CurbStomp2   Finland. Jan 29 2023 17:34. Posts 276


  On January 29 2023 04:28 RiKD wrote:
Show nested quote +



lol. I can't remember if you ever hit a bottom where you thought you had no other options but to put down the bottle or die? I vaguely remember you trying AA and not liking it. I can't blame you there. There was a time for me where drinking about 40 units of alcohol and watching YouTube was the pinnacle of life for me. Sad really. I feel for you brother if you are even a legitimate poster. The sadder thing is the only thing I do different now is I have a worse job, find the pump a few times a week, and read Byung-Chul Han instead of YouTube. On some level it works. It works better than having no job, drinking more than 40 units of alcohol, and crying on the couch because the effect is over and ruined. I was so angry that I hurled the bottle of Hennessey across the room and even angrier that I only had 1 fucking bottle of Rose' left to drink. Lying to myself because my liquor's top shelf. There was no more lying to myself in that moment at least.


Well I drink on weekends. On weekdays I have shit to do. I was 4 months without alcohol but it gets boring as fuck.


RiKD    United States. Jan 30 2023 01:56. Posts 8992

hmmmmmmmmmmmm

if you can truly moderate timing and quantity you are probably good (for now).

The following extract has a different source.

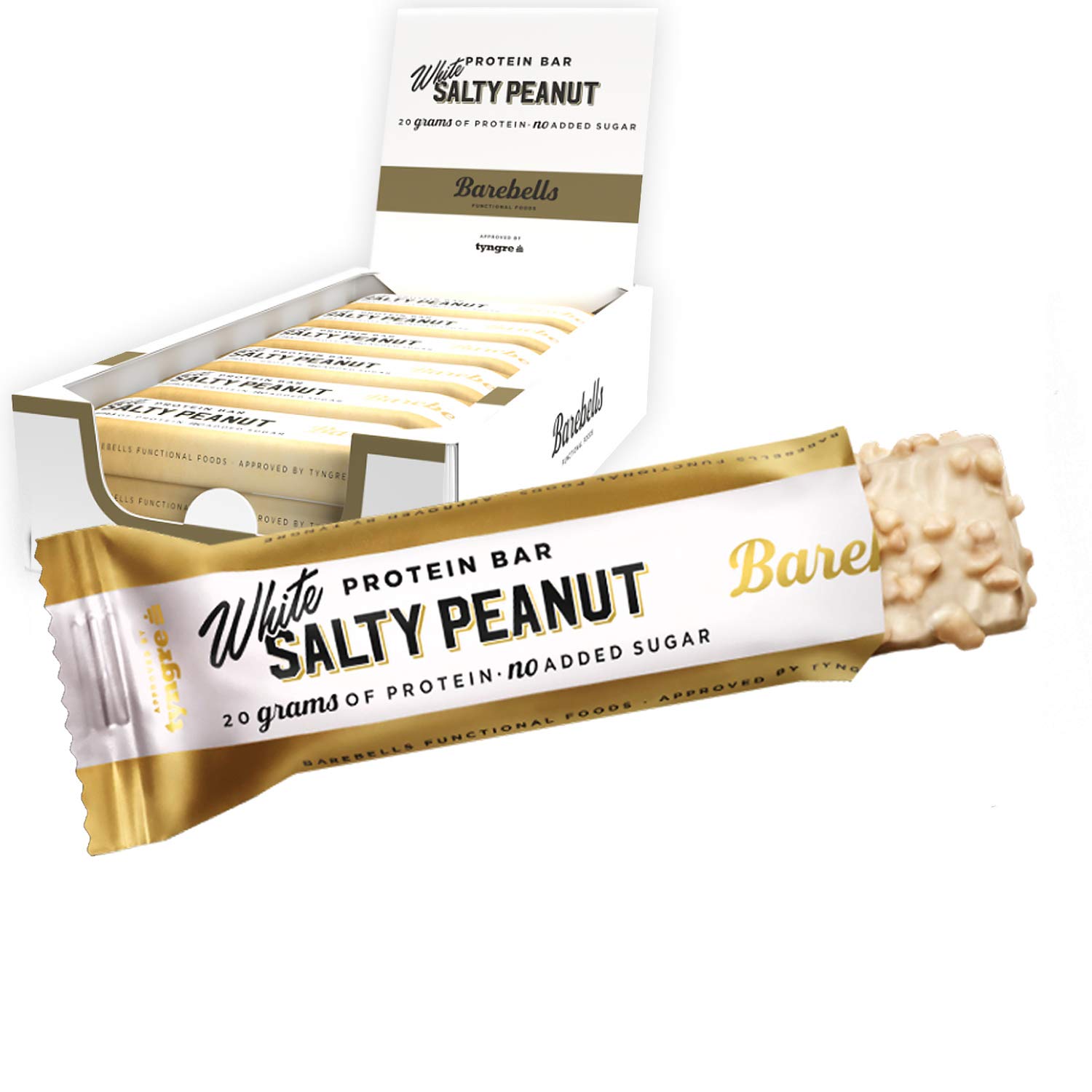 Barebells Protein Bar, White Salty Peanut, 12 x 55 g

---------------------------------------------------------------------------------------------------------------------------

I was on lunch break today dozing off into contemplation. It was cold, gray, rainy. I realized I don't think I complain as much on here as I used to. About money, or status, or whatever. I don't have thoughts of suicide but do I wish I was never born? Oh yeah, there was an autistic kid wailing for a while in the store and other things too. I realized my birthday was coming up. There is a song by Fontaine D.C. that says to "tell your mother that you love her." I do love my mother. I genuinely tell my mother that I love her but given all of this I am not sure if I wish I were never born. I've been listening to a lot of songs but things have been sticking out. "I want something true, I want something real" - "Wish" by NIN. "Baby we were born to die" - "Born to Die" by Lana Del Rey among many others. I'm doing better but I am not sure if I would rather never been born. I probably need a peak season of Love to be in a place where I would be sure that I was joyful that I was born. Then, a peak season of breakup to wish that I was never born. I think I still feel strongly that suicide is not the answer. Just because I would rather have not been born does not mean I should kill myself. I would have to get to a really lonely, dark place for that to happen I would think. It is different to never having been born because I was born. I am here. Sartre would say I am here. I am free. I am free to be my authentic self. Heidegger would say something like we were thrown into this existence but go walk in a graveyard if you want to start thinking about authenticity. Of course, I want to "be myself", whatever that mean. It's a project. A project that does include constraints and conditioning. Probably, much of which I am not even aware of.


CurbStomp2   Finland. Jan 30 2023 15:18. Posts 276

i don't know about the quantity. I usually pass out after 16-20 0,33l beers. if i do that on friday and saturday im betting a doctor would say it's a problem. still it's a very common thing here to be a weekend drunk and it's a bad idea to talk about it to healthcare professionals.